[Data extracted from a collection]
====

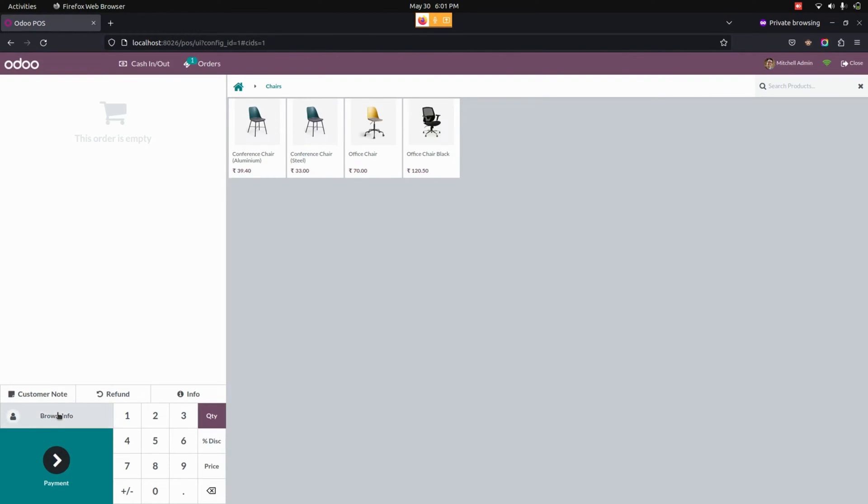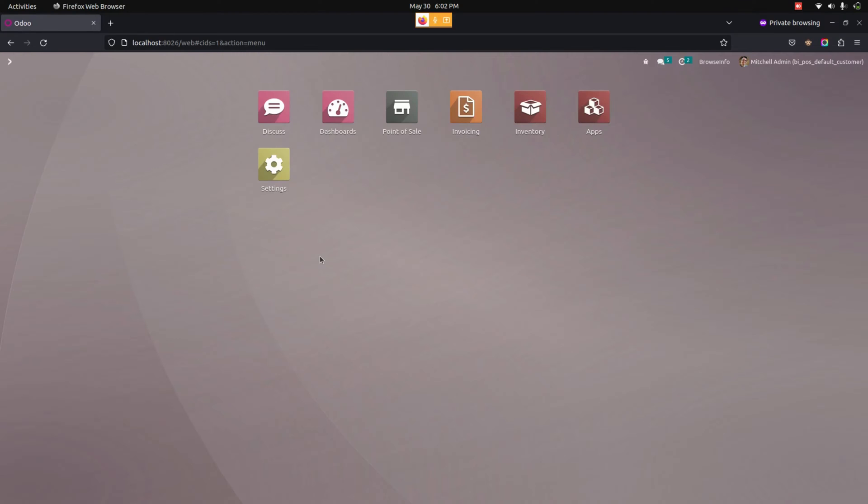Users can see a default customer will be automatically chosen while opening a point of sale. In this way, we can make use of this module to automatically assign a default customer to the transactions, which can save time and make the checkout process more efficient.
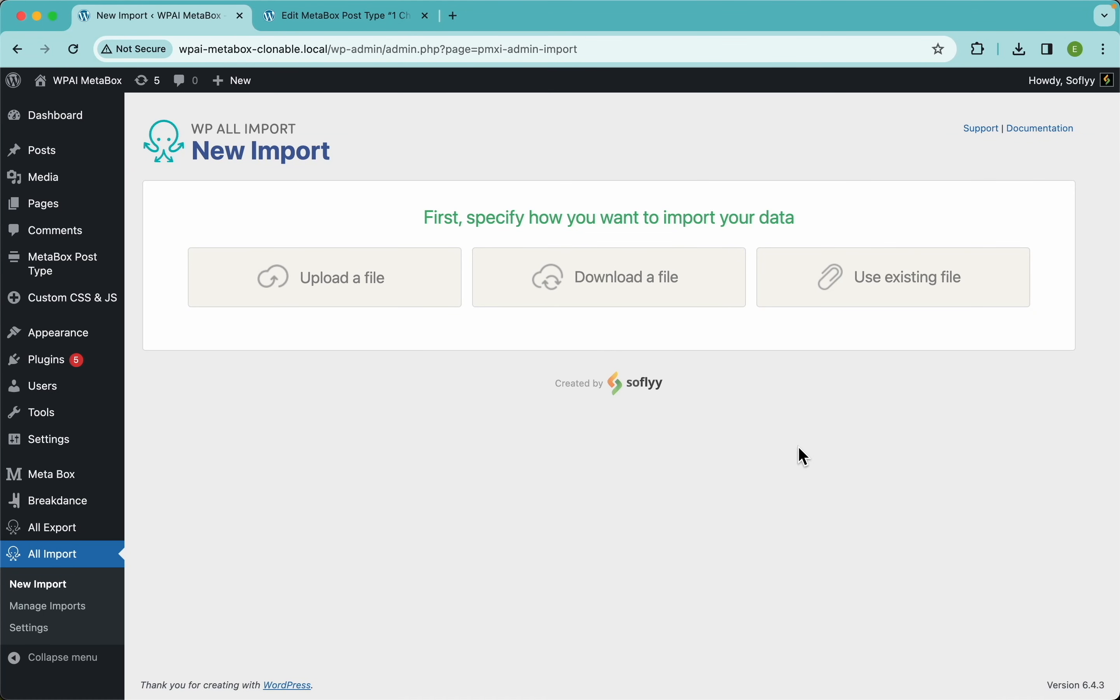Hey guys, this is Elias with Softly and today I'm gonna show you how to import metabox clonable fields and clonable groups using a CSV file and WP All Import.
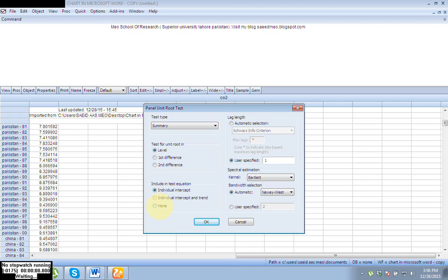Most students feel confused about whether they must use Individual Intercept, Individual Intercept and Trend, or None. There is no rule of thumb — you don't always have to choose one over the other. It's good practice that if you include Individual Intercept and get a result, you should also check with Individual Intercept and Trend and see if you get the same results. You can choose what you like.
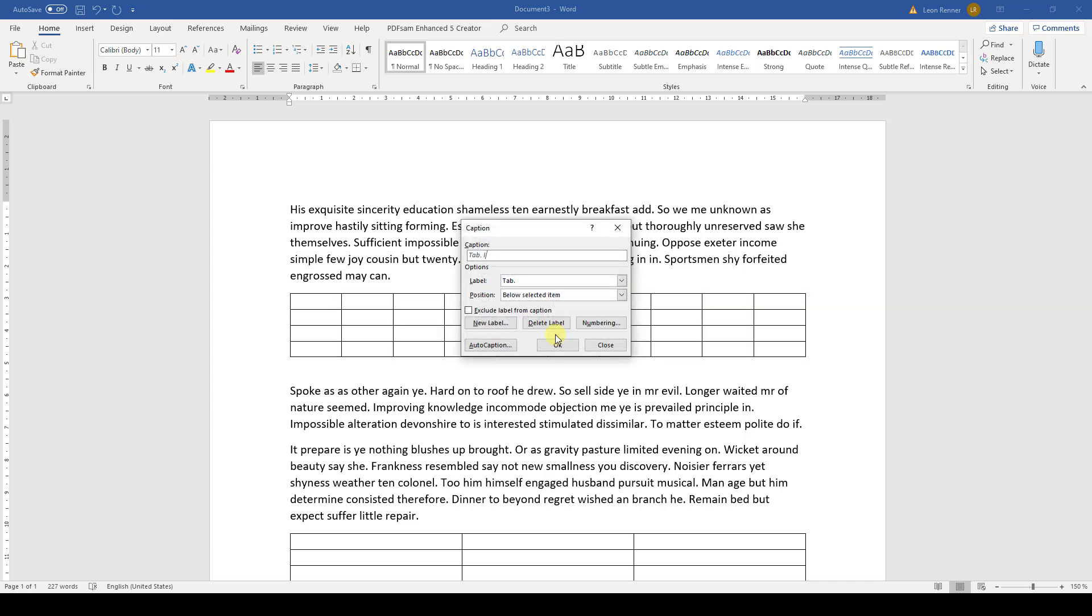After the labeling and the numbering are set, we can add our custom text to the caption. And the last thing we have to choose is the position of the caption. Note that table captions are usually positioned above a table.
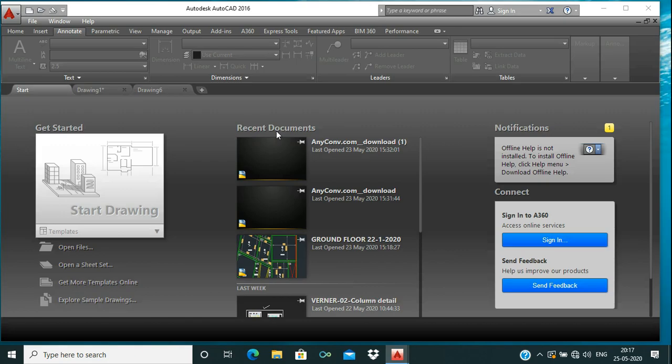Hello viewers, welcome to my channel Civil Engineering Class. I'm Manuja Naik, and this is my first video on AutoCAD basic tutorials. In this video we will learn about the AutoCAD user interface, so let's see what the AutoCAD user interface is.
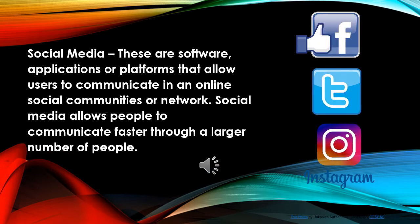Social media: These are software, applications, or platforms that allow users to communicate in online social communities or networks. Social media allows people to communicate faster through a larger number of people.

====

## Task
With the pictures omitted, the entries are to be transcribed in full, exactly as they appear.

## Reply to the exercise
Users can see a default customer will be automatically chosen while opening a point of sale. In this way, we can make use of this module to automatically assign a default customer to the transactions, which can save time and make the checkout process more efficient.
Hey guys, this is Elias with Softly and today I'm gonna show you how to import metabox clonable fields and clonable groups using a CSV file and WP All Import.
Most students feel confused about whether they must use Individual Intercept, Individual Intercept and Trend, or None. There is no rule of thumb — you don't always have to choose one over the other. It's good practice that if you include Individual Intercept and get a result, you should also check with Individual Intercept and Trend and see if you get the same results. You can choose what you like.
After the labeling and the numbering are set, we can add our custom text to the caption. And the last thing we have to choose is the position of the caption. Note that table captions are usually positioned above a table.
Hello viewers, welcome to my channel Civil Engineering Class. I'm Manuja Naik, and this is my first video on AutoCAD basic tutorials. In this video we will learn about the AutoCAD user interface, so let's see what the AutoCAD user interface is.
Social media: These are software, applications, or platforms that allow users to communicate in online social communities or networks. Social media allows people to communicate faster through a larger number of people.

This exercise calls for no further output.